DEMAND ACCOUNTABILITY, STOP ENABLING BAD BEHAVIOR!
By Max R. Weller
Read the article by Shari Caudron from 5280 magazine in December of 2009, six years ago. Excerpt is copied below:
For evidence of Transition’s success, meet Timothy Stoakes, a large, affable man who looks like a young Santa Claus. Now 40 years old, Stoakes has been in and out of jail since he was 18 for what he calls nonviolent, “nonconfrontational” property crimes he committed to support a cocaine habit.
Stoakes ended up in the Transition program while awaiting sentencing on a counterfeiting charge. “Tim was showing all the signs of someone willing to change,” [Commander Bill] Black says, “and we thought Transition would have a positive impact on his future sentencing.”
Which is exactly what happened.

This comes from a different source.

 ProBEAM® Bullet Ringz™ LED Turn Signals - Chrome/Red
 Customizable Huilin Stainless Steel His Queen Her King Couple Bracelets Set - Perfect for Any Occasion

Like numerous inmates in the program, Stoakes has prepared an extensive profile to demonstrate to judges and lawyers his accomplishments while in Transition, and his goals upon release. The moving document contains 15 pages of handwritten text, along with letters of support and certificates for some of the courses Stoakes has completed. It shows that in the span of about 10 months he finished 74 classes worth more than 1,000 hours. During that time, Stoakes, an aspiring writer, authored five essays, 11 short stories (three of which were entered in writing contests), and the drafts of three novels. He also mentored another inmate toward the completion of his General Equivalency Diploma; taught classes to other inmates on self-esteem, writing, and racial acceptance; and is working on an inspirational book about what he’s learned from his Transition process.
Although Stoakes was originally sentenced to six years in a state correctional facility, his Transition profile, along with testimony from Black and other jail officials, compelled the assistant district attorney to ask the judge for a reconsideration hearing in just 120 days. “I’ve rarely seen this happen,” Black says. “Had Tim not been in Transition and changed the way he did, the assistant DA never would have made a recommendation like that.”
Stoakes could turn out to be the sort of model inmate who could bolster the argument for expanding Transition-type programs. But could Transition work in communities that lack Boulder’s “I’m OK, You’re OK” vibe? It’s difficult to say. Similar programs are having a noticeable effect in jails in El Paso and Denver counties, but Black says the range of programming in Boulder is unique, largely because of the extensive support the jail receives from the local community. He doesn’t mean financial support; Boulder County Jail doesn’t have any more funds than any other cash-strapped facility. He’s talking about residents who are willing to donate time and expertise to courses that literally couldn’t exist without them. “The most precious thing you can ask is for a person to donate their time,” he says, “and we are blessed with that here.”
End of excerpt.
In fact, Timothy Stoakes has turned out to be the sort of guy who was involved in yet another crime this morning; see Boulder sheriff: Shoplifting suspect arrested after crashing car, attempting home break-in from the Times-Call.
Boulder County sheriff’s deputies take shoplifting suspect Timothy Stoakes into custody Wednesday morning after being apprehended in the Heatherwood subdivision of Gunbarrel. (Kira Horvath / Staff Photographer)
What a waste of time and effort in a failed rehabilitation of this career criminal. One thing I’m sure of is that nobody in authority here inside the Boulder Bubble will want to be held accountable for Mr. Stoakes’ relapse into lawlessness.
And it’s entirely possible that I did see this character at Boulder Shelter for the Homeless, as I seem to recall . . .
Addendum 12/31/2015: See Timothy Stoakes LinkedIn profile; he’s a scam artist with his own foundation!